In the implementation of the L compiler, the focus was put on the readability and simplicity of the source code. As often in computer science, it is difficult to make things simple: I had a complete, working prototype, with parser, typing, cps transformation and compilation to LLVM when I started this blog; I spent all this time cleaning, documenting, and especially simplifying the compiler, publishing the progress along the way.
I believe that the result is worth the work: a simpler compiler is easier to extend, both for myself and future contributors. The challenge will be to keep things easy as more features are added; this is possible only if we wait for things to be well structured before adding the non-essential features (for now, I just keep a huge todo-list with those); and if we do not hesitate to perform a local redesign occasionally.

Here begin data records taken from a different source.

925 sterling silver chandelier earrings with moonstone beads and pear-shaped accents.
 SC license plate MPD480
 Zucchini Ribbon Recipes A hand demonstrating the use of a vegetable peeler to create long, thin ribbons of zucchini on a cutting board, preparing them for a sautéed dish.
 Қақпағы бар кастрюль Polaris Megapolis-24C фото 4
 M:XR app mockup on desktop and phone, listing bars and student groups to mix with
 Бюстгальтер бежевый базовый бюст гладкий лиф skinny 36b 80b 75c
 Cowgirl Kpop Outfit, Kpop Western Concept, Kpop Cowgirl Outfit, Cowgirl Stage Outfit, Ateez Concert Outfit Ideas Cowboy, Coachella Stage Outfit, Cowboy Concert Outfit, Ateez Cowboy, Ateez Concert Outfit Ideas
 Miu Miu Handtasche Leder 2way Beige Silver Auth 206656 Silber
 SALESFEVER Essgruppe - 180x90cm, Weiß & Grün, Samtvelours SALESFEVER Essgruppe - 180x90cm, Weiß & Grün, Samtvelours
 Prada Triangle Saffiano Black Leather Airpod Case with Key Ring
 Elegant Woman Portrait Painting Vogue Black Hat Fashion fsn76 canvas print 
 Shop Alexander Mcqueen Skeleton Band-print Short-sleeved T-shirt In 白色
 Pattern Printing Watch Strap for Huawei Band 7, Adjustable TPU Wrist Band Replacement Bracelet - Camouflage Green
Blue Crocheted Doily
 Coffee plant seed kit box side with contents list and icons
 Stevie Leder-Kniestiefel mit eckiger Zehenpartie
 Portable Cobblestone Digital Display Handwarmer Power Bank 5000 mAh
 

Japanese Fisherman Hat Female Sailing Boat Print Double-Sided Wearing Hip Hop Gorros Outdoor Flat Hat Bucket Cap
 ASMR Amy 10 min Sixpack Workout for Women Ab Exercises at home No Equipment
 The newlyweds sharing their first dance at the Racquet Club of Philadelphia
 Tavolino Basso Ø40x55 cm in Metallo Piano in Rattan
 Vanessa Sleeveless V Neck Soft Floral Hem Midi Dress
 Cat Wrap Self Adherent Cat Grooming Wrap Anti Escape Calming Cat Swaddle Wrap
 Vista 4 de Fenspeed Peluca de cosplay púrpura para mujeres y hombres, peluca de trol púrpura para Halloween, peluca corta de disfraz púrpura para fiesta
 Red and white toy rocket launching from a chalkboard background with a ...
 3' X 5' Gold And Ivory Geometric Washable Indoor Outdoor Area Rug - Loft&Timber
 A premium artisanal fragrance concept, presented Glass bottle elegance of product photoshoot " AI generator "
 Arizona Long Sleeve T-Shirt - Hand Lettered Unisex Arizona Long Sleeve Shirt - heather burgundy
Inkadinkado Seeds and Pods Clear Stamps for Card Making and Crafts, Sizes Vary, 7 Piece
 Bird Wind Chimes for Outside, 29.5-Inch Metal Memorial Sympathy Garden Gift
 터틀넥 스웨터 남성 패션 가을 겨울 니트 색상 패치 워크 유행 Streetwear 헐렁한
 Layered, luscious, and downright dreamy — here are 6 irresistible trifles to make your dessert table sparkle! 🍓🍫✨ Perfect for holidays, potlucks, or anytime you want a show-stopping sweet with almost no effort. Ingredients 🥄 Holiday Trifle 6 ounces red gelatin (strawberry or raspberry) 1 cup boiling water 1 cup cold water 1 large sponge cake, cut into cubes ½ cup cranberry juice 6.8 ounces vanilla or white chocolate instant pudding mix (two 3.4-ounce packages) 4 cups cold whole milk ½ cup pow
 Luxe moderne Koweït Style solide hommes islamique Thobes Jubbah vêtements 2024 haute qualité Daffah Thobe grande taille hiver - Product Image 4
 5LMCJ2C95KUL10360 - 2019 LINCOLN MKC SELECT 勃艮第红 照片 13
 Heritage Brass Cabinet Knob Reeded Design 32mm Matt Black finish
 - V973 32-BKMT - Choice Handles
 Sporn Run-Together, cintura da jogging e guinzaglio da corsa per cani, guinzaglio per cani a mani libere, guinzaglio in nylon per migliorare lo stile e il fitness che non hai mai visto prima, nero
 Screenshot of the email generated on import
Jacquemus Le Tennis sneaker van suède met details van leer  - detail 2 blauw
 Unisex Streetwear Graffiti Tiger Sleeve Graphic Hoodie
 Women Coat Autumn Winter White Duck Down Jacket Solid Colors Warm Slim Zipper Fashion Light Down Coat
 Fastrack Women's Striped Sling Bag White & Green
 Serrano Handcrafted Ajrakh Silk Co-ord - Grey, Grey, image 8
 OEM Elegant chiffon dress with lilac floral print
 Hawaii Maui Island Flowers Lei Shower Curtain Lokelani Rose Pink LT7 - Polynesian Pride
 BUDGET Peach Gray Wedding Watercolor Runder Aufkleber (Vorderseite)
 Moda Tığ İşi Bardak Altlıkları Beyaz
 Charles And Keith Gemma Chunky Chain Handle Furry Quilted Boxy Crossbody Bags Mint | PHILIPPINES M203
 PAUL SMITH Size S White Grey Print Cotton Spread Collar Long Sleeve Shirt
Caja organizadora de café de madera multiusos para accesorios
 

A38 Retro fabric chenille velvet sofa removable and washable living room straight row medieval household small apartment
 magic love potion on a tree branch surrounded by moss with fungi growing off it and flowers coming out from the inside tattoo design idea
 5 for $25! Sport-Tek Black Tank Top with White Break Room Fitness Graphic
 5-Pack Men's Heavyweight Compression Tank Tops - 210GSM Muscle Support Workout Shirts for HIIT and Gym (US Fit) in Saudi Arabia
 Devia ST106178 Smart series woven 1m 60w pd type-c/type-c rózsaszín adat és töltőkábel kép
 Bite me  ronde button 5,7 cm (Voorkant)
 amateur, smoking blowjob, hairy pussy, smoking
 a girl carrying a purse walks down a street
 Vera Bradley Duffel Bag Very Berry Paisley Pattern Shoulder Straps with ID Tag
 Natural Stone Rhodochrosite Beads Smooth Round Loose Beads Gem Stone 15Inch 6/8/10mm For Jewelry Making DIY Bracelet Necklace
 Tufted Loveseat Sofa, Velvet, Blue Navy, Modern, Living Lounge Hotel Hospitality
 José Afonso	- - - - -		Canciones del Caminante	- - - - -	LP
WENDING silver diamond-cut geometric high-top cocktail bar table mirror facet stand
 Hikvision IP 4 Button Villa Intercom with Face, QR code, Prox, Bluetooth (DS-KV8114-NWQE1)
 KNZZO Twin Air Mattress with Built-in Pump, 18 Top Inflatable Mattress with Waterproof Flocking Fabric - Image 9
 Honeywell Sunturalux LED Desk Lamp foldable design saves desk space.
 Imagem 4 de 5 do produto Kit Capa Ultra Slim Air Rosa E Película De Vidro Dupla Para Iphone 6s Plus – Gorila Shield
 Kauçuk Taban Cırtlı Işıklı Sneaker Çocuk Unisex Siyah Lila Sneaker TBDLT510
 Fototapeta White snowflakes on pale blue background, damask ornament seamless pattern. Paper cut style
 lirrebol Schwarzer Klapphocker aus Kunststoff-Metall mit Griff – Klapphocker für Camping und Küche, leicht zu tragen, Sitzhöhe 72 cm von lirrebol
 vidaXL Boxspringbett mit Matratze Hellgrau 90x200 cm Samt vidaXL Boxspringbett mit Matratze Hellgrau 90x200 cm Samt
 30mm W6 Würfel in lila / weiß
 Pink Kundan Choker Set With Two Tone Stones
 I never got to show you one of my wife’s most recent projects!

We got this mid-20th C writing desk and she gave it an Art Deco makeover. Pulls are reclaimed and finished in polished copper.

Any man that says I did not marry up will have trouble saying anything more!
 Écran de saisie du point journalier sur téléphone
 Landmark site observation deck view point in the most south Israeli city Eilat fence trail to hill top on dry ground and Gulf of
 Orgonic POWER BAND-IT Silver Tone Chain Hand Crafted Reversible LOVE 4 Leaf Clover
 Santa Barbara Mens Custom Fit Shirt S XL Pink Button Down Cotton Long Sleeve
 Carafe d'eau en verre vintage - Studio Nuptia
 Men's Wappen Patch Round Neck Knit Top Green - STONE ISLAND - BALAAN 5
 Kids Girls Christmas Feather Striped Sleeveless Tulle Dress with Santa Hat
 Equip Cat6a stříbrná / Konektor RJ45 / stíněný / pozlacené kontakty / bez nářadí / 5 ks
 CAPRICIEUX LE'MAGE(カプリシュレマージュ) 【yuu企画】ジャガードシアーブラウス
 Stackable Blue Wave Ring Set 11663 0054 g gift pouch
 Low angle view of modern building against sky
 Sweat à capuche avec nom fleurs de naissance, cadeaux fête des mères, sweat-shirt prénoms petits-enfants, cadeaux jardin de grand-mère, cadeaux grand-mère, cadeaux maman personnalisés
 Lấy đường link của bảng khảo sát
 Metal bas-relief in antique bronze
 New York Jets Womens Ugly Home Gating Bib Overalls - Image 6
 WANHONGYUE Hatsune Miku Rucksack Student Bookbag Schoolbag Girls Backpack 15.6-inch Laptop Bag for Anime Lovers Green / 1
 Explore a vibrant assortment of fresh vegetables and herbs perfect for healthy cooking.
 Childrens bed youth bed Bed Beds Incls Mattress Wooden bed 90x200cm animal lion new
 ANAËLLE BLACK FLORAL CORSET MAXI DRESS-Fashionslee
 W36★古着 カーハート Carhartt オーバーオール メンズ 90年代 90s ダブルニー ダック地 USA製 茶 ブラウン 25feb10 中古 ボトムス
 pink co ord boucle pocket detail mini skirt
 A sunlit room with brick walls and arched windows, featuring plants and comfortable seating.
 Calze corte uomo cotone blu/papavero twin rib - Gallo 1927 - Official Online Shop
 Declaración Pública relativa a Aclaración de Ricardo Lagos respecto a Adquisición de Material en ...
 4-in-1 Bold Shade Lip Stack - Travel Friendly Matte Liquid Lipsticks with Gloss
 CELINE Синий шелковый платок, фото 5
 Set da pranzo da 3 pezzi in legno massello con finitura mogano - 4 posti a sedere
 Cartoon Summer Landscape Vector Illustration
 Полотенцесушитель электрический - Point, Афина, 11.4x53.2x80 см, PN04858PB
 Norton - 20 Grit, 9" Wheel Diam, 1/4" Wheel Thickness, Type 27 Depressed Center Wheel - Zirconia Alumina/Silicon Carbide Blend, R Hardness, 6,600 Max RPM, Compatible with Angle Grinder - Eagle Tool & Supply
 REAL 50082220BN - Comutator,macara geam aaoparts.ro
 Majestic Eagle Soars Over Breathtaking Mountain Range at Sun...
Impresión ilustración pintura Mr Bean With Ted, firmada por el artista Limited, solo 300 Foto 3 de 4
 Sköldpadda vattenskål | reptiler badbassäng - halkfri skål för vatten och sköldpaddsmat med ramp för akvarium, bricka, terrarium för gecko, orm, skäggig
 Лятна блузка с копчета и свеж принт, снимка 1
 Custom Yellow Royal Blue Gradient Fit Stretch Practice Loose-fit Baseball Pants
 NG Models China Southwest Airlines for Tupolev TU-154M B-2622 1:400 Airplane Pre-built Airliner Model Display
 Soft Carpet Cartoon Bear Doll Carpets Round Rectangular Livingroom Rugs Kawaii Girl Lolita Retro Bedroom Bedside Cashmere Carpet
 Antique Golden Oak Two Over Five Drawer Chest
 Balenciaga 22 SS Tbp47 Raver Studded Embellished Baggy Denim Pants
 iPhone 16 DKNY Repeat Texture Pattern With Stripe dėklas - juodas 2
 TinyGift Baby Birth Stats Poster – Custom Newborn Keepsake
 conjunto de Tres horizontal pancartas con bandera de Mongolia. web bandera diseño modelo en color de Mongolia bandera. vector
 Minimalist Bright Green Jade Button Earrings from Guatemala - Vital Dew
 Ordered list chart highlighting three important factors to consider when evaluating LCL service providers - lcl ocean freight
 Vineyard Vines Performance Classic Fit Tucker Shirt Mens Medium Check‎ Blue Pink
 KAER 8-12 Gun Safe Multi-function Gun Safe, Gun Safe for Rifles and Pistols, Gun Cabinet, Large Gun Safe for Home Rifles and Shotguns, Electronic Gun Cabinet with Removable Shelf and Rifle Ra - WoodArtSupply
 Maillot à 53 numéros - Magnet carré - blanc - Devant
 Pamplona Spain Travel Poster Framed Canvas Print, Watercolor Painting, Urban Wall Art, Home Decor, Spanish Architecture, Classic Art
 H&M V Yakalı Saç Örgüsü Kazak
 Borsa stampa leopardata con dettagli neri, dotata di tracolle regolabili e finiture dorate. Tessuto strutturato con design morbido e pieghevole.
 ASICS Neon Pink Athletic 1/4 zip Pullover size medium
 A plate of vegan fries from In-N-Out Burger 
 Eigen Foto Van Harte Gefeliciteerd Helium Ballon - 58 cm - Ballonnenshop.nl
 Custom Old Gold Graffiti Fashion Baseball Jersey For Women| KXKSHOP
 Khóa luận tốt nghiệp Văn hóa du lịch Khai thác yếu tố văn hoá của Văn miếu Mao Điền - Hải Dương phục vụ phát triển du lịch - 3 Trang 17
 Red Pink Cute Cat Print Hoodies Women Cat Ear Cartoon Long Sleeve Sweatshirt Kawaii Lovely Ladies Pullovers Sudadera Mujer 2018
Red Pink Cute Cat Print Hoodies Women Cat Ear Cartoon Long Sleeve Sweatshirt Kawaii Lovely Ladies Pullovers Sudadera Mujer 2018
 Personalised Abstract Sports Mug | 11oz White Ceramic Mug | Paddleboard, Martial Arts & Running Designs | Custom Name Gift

The toplevel of the compiler, that link all the passes together, is a good example of the results of such a redesign. A design goal of this toplevel is to make each pass communicate with a minimal interface. I had written a first attempt, using a record updated functionally, with each field containing the internal state of one pass. The toplevel consisted in a giant function with nested loops – one loop per pass. This structure was inelegant for a number of reasons:
After a while, I came up with a much simpler design using streams of definitions. The code for a toplevel is then dead-simple:
module Stream = Extensions.Stream
let process_file file =
let parsetree_stream = Parser.make_stream file in
let ast_stream = Astfromsexp.from_stream parsetree_stream in
let cps_stream = Cpstransform.from_stream ast_stream in
let converted_stream =
Stream.iter_and_copy Cpsconvertclosures.in_definition cps_stream in
let llvm_stream = Cpsllvm.from_stream converted_stream in
Stream.iter (fun elt → Llvmexec.exec_nodef () elt) llvm_stream
The actual implementation also interposes optional printer to see the contents of the stream, which is very useful when debugging the compiler.
The stream interface make it easy to add new passes, completely remove the state from the interface, factorize the pattern when a pass can produce several elements at once, retain the minimal memory consumption of the nested loop design, and can be easily updated to a parallel pipelining implementation.
The interface of each pass is made minimal. Each pass only declares:
And that is all. The interface of each pass clear is minimal, which allows to study or change it independently.
Note: this way of structuring things imply that transformation from one pass to the next is done in the second pass. (This implies that the second pass depends on the first one).
An alternative is to expose functions to build elements in the second pass, and move the transformation code from the beginning of the second pass to the end of the first pass. In this case, the first pass depends on the second pass. One advantage is that the first pass does not have to expose the type of its internal format. I am considering using this structure for the parser, where a "parsetree" is produced, but whose type is not very interesting outside of the parsing phase; while the building functions for the AST are more interesting.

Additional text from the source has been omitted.